+++ RECORDED INFORMATION

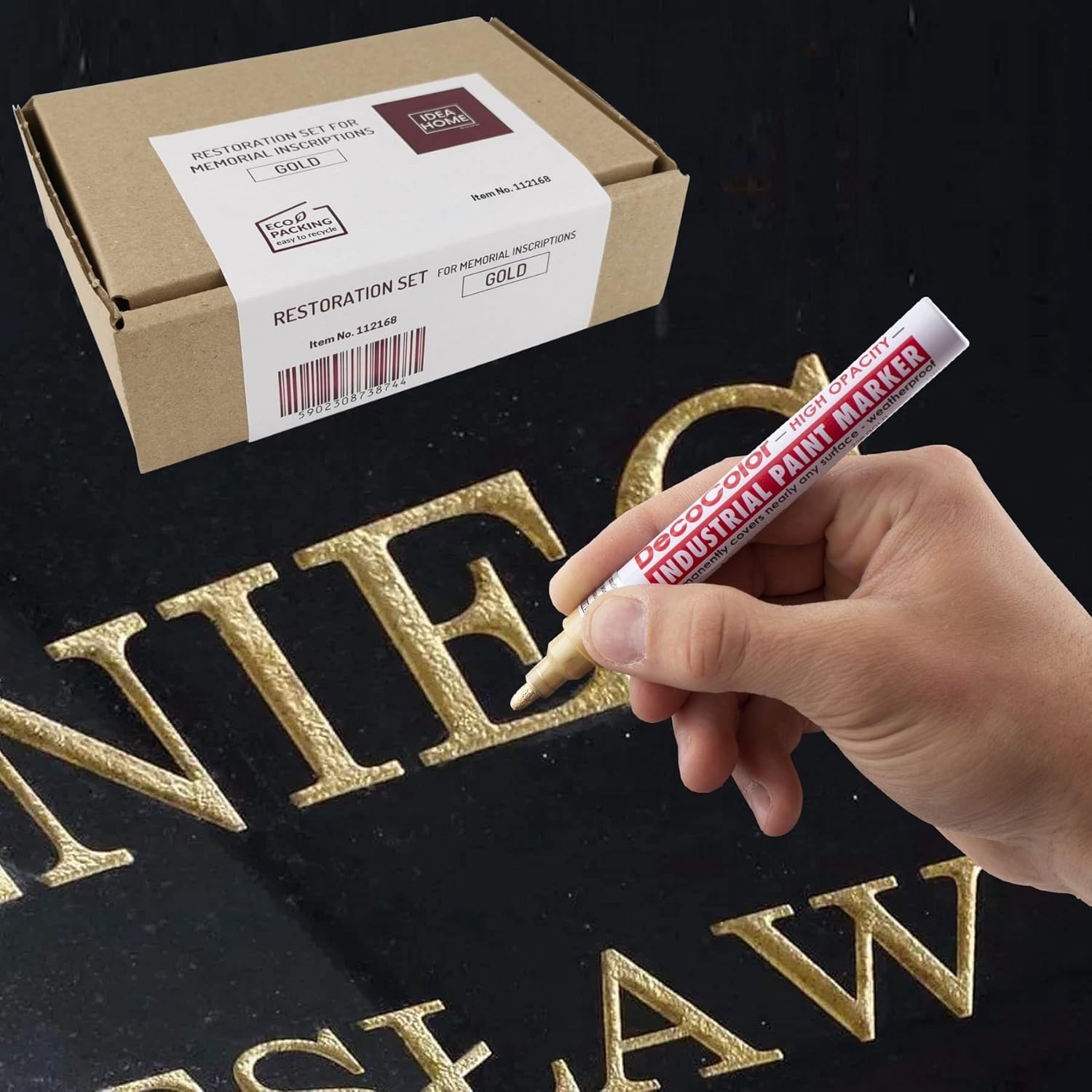 LEVIATAN Headstone Inscription Restoration Kit, Gold Oil Markers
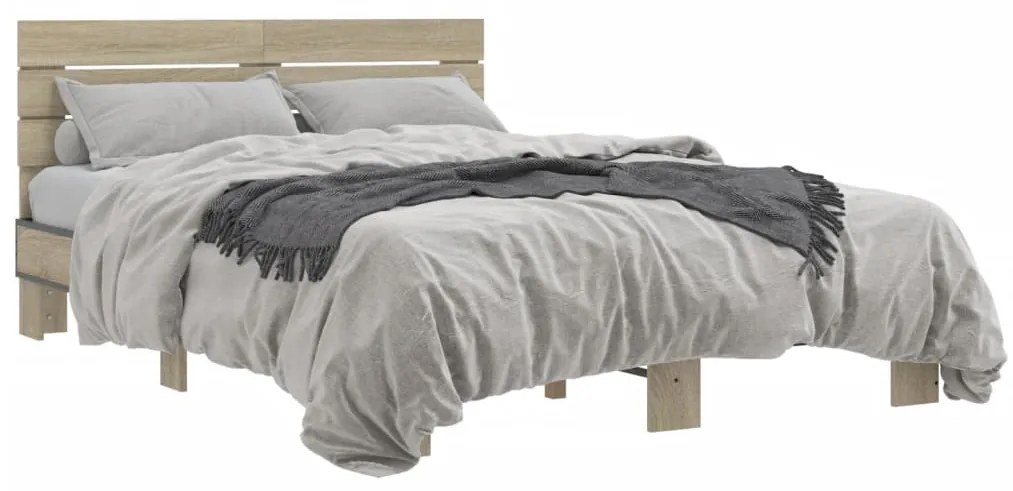 3280148 vidaXL Рамка за легло, дъб сонома, 140x200 см, инженерно дърво и метал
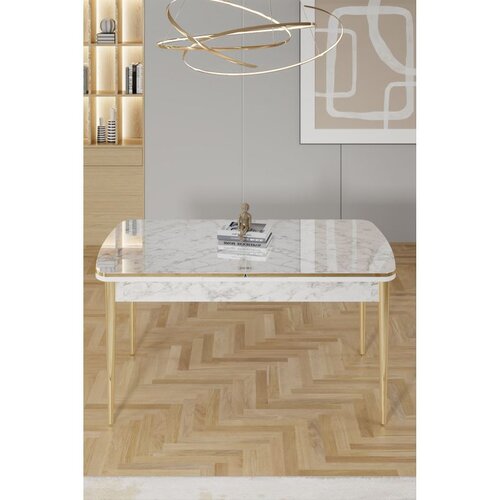 Hanah home trpezarijski sto na razvlačenje Rada, 132 &times; 80 cm (razvučen 170 cm), ploča u dekoru belog mermera, zlatne noge Cene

++++++

INSTRUCTIONS TO FOLLOW
In the answer, all of the material should appear exactly as given, with no picture carried over.

OUTPUT OF THE EXERCISE
 LEVIATAN Headstone Inscription Restoration Kit, Gold Oil Markers
 3280148 vidaXL Рамка за легло, дъб сонома, 140x200 см, инженерно дърво и метал
 Hanah home trpezarijski sto na razvlačenje Rada, 132 &times; 80 cm (razvučen 170 cm), ploča u dekoru belog mermera, zlatne noge Cene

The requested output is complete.